Realizzato tra il 1798 ed il 1801 su incarico dell’operatore di Borsa Giovanni Tommasini, il teatro – denominato “Nuovo”, dal 1821 “Grande”, dal 1861 “Comunale” e infine “Verdi” dal 1901, anno della morte del compositore – contribuì a configurare la nuova sistemazione urbanistica cittadina in una zona cerniera tra piazza della Borsa e la futura piazza Unità.
Il progetto originario dell’architetto veneziano Giannantonio Selva (autore del Teatro La Fenice) sollevò le critiche del direttore delle Civiche Fabbriche di Trieste, Carlo Steinlein, che chiese all’architetto Matteo Pertsch (impegnato nella costruzione di Palazzo Carciotti) di introdurre le opportune varianti soprattutto alla facciata principale.
La non agevole composizione delle diverse visioni progettuali dello Steinlein e dei due architetti produsse rilevanti ritardi nella conduzione dei lavori rendendo difficile distinguere i rispettivi contributi, ma appare evidente l’ispirazione del Pertsch al modello neoclassico del proprio maestro, Giuseppe Piermarini, progettista del Teatro alla Scala di Milano.
Le sculture poste sulla facciata principale (Apollo, tra le muse della Tragedia e della Lirica) come pure quelle delle nicchie del basamento (Plutone e Marte) sono attribuite ad Antonio Bosa, allievo di Canova.

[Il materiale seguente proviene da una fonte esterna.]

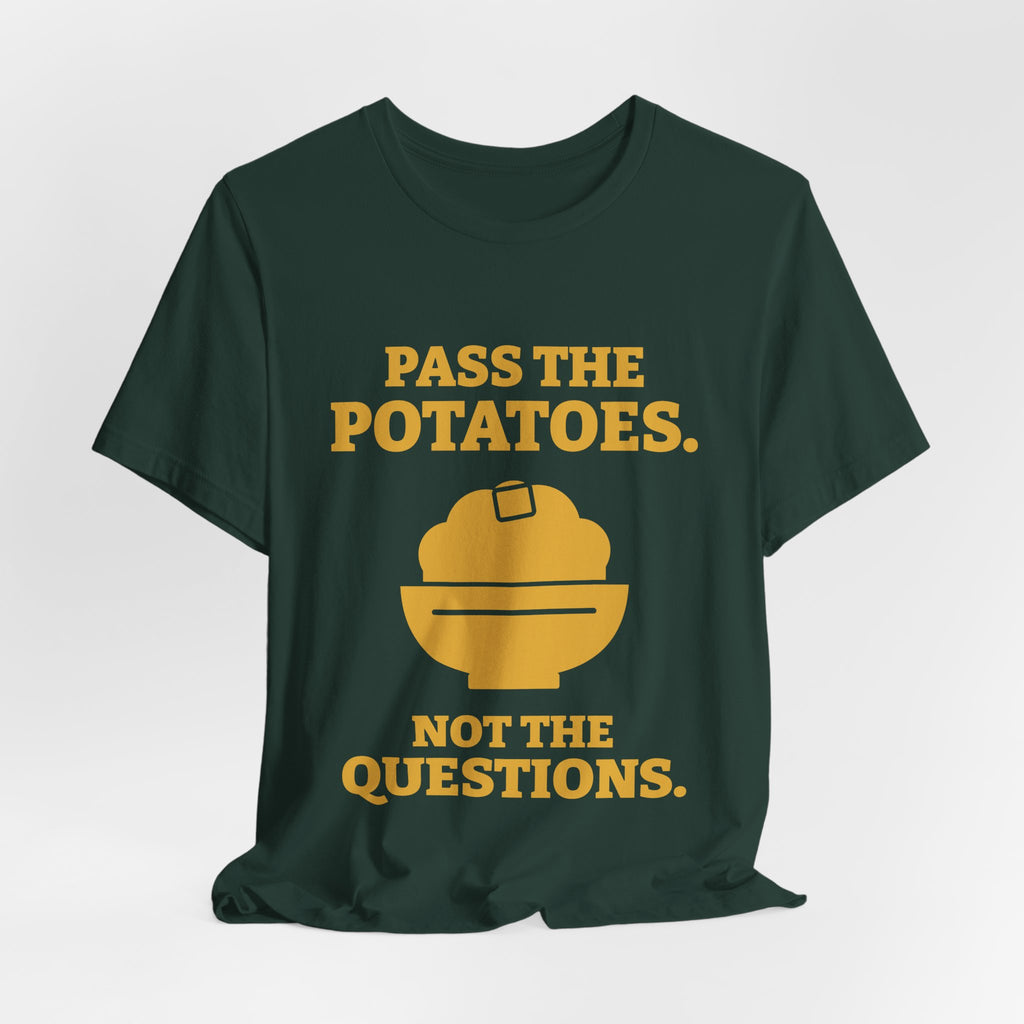 Pass the Potatoes Not the Questions Tee (Gold)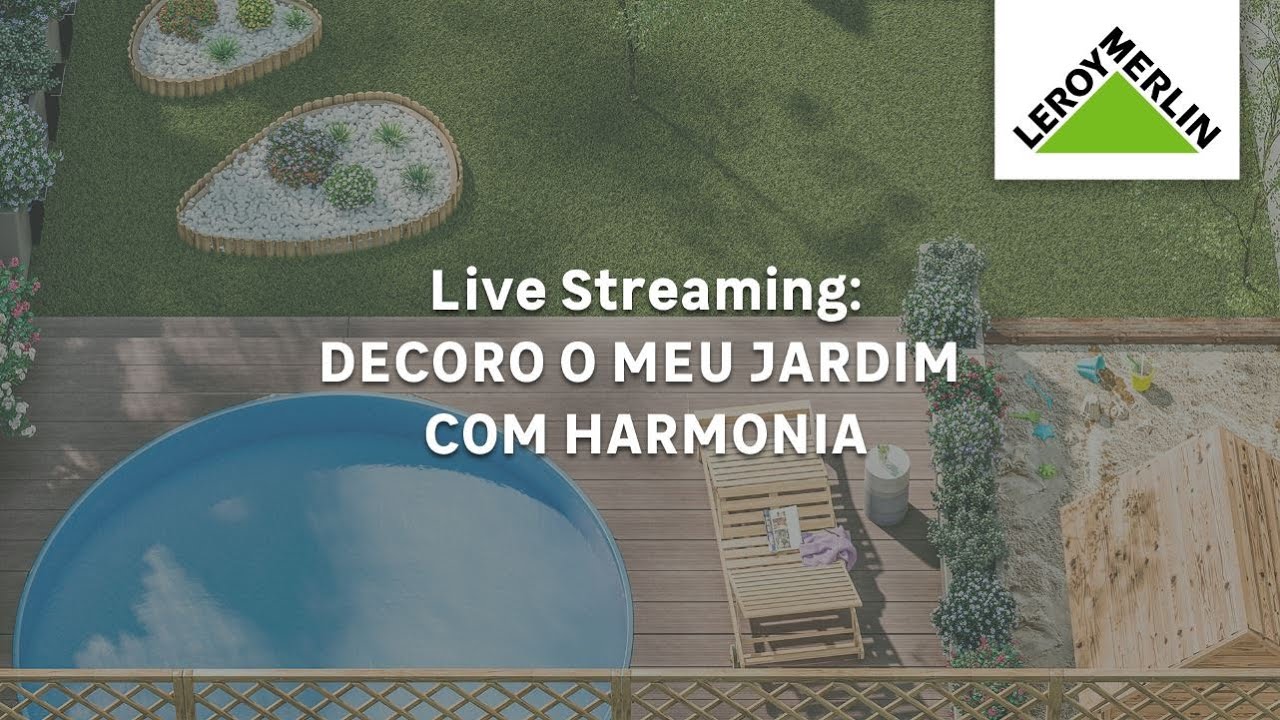 Como decorar o jardim com harmonia | LEROY MERLIN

Sulla stessa facciata sono altresì incastonate cinque palle di cannone, a testimonianza del bombardamento subito dalla città nel 1813 ad opera della flotta francese.
All’interno si trovano la sala principale con una capienza di 1.300 posti ed un “ridotto”, in origine “sala da ballo”, che si sviluppa su due livelli con una maestosa peristasi di colonne ioniche sulle quali poggia la sovrastante loggia.
I restauri più importanti sono stati effettuati nel 1882-1884 (a cura di Eugenio Geiringer che modificò la facciata verso il mare ed il “ridotto”) e nel 1992-1997, comportanti il ripristino dell’assetto originario della sala teatrale e la copertura sul lato mare.